EXERCISE DIRECTIONS:
Using only the entries below, output the lines starting at the one containing "Pharma Nord BioActive magnesium" and ending at the one containing "Homem com passagens", exactly and inclusive of both, omitting the pictures.

SUPPLIED DATA:
---+---

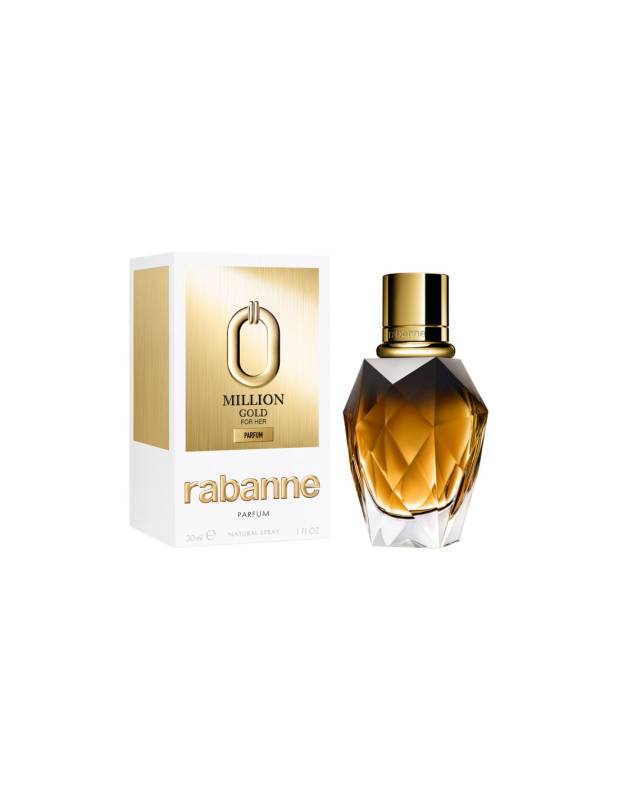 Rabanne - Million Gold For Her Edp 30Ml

---+---

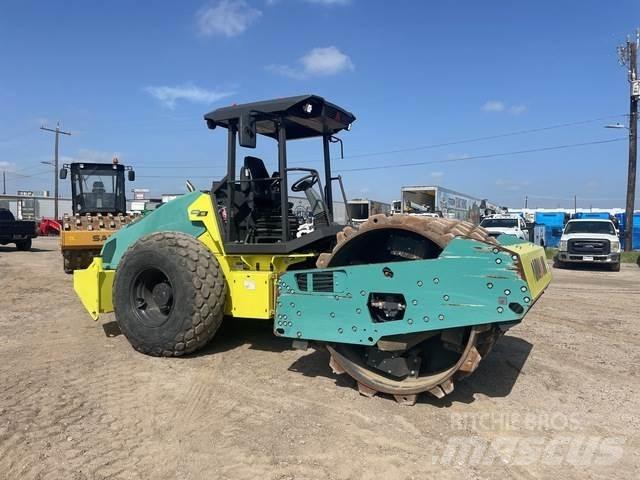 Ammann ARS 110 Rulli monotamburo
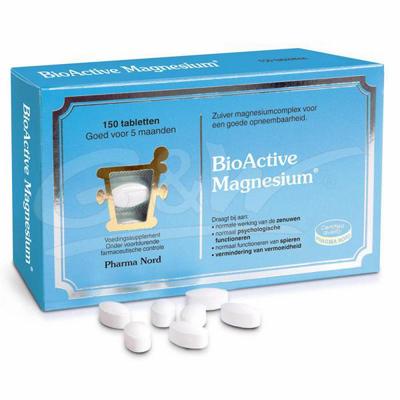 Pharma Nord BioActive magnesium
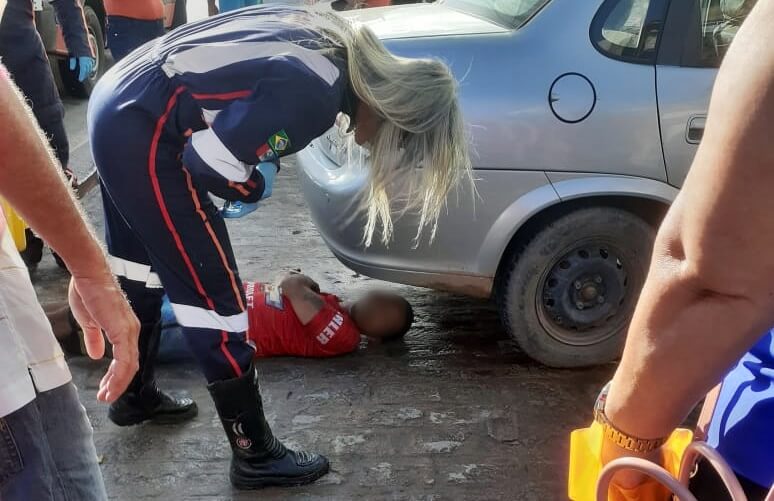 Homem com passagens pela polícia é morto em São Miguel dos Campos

---+---

EXERCISE SOLUTION:
 Pharma Nord BioActive magnesium
 Homem com passagens pela polícia é morto em São Miguel dos Campos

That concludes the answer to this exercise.